So, to all of the people who are saying that it’s “not fair” that Amanda Palmer isn’t riding through the streets in her million-dollar carriage throwing gold coins to all the “less privileged” musicians, or that it’s “not fair” that I made an album with Kickstarter funds and then signed to a label, please let me reassure you: in the end, there will be nothing left from the monies raised. If we wanted to be rich, we wouldn’t be investing hundreds of thousands of dollars in art. Hell, if we wanted to be rich, we wouldn’t be musicians.

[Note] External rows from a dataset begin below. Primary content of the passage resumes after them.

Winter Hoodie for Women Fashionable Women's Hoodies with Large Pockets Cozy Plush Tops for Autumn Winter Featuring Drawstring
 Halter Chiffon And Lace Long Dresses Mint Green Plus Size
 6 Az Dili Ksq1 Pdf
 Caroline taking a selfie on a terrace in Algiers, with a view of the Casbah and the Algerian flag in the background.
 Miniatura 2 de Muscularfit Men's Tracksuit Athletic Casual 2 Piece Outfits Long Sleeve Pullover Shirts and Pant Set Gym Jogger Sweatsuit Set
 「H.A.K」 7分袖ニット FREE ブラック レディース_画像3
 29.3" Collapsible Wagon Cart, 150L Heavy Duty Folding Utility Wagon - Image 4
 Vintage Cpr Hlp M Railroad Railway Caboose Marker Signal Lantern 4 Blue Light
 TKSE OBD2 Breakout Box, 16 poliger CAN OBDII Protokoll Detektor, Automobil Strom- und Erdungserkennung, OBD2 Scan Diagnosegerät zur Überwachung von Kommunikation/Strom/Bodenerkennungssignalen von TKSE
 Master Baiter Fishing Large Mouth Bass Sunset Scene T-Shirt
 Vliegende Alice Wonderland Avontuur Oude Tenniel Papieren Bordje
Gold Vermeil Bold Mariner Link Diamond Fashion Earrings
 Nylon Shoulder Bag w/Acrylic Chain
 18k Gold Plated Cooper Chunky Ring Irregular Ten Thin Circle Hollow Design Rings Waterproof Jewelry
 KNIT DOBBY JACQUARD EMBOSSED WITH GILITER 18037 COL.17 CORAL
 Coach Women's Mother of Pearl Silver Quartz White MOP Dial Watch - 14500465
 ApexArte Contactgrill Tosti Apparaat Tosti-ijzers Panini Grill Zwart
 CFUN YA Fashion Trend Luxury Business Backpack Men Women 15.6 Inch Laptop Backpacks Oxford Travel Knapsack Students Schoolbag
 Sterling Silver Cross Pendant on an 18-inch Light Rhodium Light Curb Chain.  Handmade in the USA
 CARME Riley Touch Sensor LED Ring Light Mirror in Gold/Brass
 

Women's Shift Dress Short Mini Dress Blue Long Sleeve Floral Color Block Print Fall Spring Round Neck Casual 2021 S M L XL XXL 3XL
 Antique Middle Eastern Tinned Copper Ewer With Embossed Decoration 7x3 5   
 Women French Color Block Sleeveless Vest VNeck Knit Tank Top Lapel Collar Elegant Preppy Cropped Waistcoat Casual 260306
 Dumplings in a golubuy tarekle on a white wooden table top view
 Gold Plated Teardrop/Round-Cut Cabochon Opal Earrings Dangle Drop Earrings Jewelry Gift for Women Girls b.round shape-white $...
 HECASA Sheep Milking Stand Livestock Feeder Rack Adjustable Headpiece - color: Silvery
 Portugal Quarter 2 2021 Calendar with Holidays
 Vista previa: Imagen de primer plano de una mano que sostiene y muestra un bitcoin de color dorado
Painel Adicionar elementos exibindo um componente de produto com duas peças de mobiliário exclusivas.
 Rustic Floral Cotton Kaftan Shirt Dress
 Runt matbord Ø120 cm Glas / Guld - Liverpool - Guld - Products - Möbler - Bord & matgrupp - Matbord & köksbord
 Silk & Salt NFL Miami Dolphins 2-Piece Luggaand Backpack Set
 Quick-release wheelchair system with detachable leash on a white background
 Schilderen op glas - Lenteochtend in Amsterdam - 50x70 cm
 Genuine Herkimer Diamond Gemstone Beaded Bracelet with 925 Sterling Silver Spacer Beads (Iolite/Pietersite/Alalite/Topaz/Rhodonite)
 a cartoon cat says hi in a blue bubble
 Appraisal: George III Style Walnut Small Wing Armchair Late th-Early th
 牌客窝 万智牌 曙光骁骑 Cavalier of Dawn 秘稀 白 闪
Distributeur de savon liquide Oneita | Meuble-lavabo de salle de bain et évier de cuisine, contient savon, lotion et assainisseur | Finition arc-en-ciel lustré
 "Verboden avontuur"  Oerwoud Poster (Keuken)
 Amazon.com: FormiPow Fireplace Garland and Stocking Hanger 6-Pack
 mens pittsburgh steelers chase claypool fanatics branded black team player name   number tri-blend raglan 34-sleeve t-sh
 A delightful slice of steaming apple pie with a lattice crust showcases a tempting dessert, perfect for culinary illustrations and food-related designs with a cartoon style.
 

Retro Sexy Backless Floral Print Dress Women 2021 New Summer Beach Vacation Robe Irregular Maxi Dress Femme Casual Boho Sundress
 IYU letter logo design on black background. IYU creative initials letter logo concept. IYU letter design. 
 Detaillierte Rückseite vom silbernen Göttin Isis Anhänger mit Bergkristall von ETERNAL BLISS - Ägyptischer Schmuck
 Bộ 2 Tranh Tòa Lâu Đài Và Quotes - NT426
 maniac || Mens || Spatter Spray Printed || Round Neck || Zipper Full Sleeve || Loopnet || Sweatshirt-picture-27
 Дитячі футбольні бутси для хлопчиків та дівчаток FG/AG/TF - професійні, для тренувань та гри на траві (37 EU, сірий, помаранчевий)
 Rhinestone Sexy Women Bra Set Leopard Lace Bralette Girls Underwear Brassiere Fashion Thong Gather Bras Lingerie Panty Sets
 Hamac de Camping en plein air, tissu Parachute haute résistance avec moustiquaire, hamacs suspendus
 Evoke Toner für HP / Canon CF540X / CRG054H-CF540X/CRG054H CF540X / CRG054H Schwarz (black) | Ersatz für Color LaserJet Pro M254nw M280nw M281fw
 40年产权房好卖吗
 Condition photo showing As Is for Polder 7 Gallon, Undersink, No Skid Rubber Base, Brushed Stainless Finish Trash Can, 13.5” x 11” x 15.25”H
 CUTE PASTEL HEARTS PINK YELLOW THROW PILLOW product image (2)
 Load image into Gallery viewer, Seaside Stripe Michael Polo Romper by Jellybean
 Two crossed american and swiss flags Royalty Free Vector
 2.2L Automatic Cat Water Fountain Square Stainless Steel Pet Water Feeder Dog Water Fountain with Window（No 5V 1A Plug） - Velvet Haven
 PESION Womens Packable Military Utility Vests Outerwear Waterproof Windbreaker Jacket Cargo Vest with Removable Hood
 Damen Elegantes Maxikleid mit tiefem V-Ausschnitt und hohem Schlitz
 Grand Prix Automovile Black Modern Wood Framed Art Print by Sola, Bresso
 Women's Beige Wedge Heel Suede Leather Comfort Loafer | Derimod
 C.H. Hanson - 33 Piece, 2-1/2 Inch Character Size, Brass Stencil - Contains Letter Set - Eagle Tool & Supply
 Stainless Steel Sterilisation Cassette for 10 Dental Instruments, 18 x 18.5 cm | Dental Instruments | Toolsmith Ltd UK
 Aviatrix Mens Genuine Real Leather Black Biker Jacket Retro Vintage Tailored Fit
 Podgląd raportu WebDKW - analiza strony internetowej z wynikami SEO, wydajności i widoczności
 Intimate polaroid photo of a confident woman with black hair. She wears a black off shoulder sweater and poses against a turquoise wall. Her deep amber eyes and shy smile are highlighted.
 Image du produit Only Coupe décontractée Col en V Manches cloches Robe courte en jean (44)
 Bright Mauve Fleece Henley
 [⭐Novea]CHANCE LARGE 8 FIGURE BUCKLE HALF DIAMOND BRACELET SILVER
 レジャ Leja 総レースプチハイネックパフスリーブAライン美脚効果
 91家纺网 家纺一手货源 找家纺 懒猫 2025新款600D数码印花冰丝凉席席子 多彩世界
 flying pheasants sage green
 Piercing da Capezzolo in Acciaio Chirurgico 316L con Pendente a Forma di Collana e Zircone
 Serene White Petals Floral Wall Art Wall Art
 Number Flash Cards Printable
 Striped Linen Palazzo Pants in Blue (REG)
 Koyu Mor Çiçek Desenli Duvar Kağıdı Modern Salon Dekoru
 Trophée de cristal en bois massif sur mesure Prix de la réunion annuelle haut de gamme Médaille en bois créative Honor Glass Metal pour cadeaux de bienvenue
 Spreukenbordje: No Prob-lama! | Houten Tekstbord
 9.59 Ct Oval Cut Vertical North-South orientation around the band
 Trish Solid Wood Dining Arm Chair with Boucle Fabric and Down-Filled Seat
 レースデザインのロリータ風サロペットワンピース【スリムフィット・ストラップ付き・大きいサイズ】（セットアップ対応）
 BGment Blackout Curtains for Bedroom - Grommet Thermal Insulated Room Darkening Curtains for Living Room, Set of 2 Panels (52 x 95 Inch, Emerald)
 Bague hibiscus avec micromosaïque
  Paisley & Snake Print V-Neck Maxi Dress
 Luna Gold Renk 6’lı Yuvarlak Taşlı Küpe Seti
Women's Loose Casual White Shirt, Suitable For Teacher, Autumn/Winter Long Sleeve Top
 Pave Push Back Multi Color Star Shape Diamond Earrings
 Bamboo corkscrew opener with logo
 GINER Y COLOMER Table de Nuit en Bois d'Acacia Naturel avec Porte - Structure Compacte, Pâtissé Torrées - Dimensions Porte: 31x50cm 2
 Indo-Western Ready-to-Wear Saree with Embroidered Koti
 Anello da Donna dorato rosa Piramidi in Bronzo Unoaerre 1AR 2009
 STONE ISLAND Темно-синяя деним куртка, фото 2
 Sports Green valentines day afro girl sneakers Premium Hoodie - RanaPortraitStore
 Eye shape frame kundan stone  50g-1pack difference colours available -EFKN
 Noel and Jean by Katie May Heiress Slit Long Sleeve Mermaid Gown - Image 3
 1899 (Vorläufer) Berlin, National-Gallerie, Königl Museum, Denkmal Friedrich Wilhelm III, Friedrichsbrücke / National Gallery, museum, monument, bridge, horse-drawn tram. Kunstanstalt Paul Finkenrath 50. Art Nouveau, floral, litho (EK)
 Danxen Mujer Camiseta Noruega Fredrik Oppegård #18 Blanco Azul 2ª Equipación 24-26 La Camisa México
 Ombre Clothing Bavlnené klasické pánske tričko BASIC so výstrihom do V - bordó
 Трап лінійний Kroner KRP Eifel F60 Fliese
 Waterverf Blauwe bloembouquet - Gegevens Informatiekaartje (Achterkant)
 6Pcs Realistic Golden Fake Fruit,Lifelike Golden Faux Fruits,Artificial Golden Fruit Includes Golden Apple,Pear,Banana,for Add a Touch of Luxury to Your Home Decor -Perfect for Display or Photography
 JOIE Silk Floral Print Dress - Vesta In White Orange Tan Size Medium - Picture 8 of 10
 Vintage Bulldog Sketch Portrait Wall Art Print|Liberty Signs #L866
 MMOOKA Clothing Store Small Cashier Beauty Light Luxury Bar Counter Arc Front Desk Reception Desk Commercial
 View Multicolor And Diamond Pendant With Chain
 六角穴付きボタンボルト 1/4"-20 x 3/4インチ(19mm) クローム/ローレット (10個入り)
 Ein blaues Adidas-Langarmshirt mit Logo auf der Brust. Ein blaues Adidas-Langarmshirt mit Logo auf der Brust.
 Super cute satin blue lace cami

I will admit that the phrasing of Amanda’s advertisement could have been softer. But Amanda hasn’t gotten to where she is today by sugar-coating. She’s Amanda Fucking Palmer in case you hadn’t noticed. And I’m sure that she’ll do a far better job investing her funds than I did, primarily because no one expects her to be Amanda Generous Palmer or Amanda Sorry-To-Have-Offended-You Palmer. Jack pointed out to me that if she had made a category in Kickstarter where people could GIVE $400 to be a part of the show, everyone would have considered that incredibly generous of her. He is completely right: it’s all about presentation.
So in conclusion, whether or not you agree with Amanda’s tactics, you are not shareholders in her Kickstarter project. When you gave her your money, you decided to trust her to invest it wisely. So keep trusting her and keep helping her. She has a plan. A completely insane plan to spend one million dollars on her art. If that’s not generous, I don’t know what is.